Developing Your Pricing Model
In all the hustle and bustle of starting a business, developing an effective pricing strategy is too often overlooked by founders. They get so preoccupied with the product, the marketing strategy and the business itself that they fail to take the time to accurately establish the right pricing mix for their business. As a result, they often fail to maximize their sales because their pricing structure isn’t quite right.

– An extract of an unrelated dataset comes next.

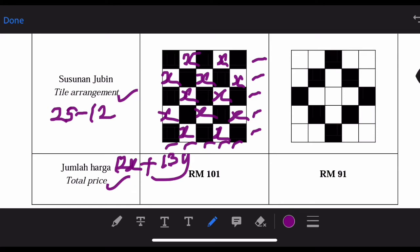The total is equal to 101. The price for one unit of white is X Ringgit, so we have 12X. The price for the black one is Y Ringgit. For example, if Y is 10 Ringgit, you have 13 black tiles, so you take 13 times 10. But now we write 13Y, and the total allocation of the price is 101.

They find out months or years down the track that even a small adjustment to their pricing model, can boost their sales. We hate to see this happen. So, here at Inventor, we emphasise pricing structures from the very start, to make sure our clients are getting it right the second they hit the market.
What Not to Do
Without a doubt, the worst thing you can do, is establish a pricing structure without any justification. It seems obvious, but we’ve spoken to business owners that have simply set their prices as they saw fit and didn’t think to evaluate whether they were the right prices. When established business owners come to us, we make a point of asking about their pricing. And then we ask ‘why’; why have they set their prices to be the way they are? What we’re looking for, is some type of justification for the prices they’ve set, whether it’s based on a desired profit margin or to be a percentage cheaper than the rest of the market.
But when we hear that they’ve set the price that way just because that felt right, our instant response is to recommend reevaluating the pricing structure.
Set Your Prices Based on Cost
Possibly the most common driver of pricing models are business costs. It’s quite a simple method, you calculate the cost per unit of producing the good you’re selling, then you add your desired profit margin. For some businesses, that works absolutely perfectly.
However, it can be difficult to actually accurately calculate the per unit cost of running your business. Sure, there will be variable costs associated with directly producing your product. But there will also be fixed costs that you can’t directly assign to each unit. Things like office rent, subscriptions and wages aren’t easy to narrow down to a per unit cost. Your $4,000 a month rent will be the same regardless of whether you sell 100 or 200 units in the month. That means your rent could either contribute $40 or $20 to your per unit cost. ‘
As a result, you’ll rarely ever be able to perfectly calculate your per unit cost.
Analyse Your Competitors
The other thing you need to keep in mind is the market you’re entering into. Unless your product is a revolutionary new product with no possible existing competitors, you’re going to have to consider your competitors. So, take the time to find out their pricing structures and compare them with your possible options. You need to consider whether you want to compete on price, quality or value.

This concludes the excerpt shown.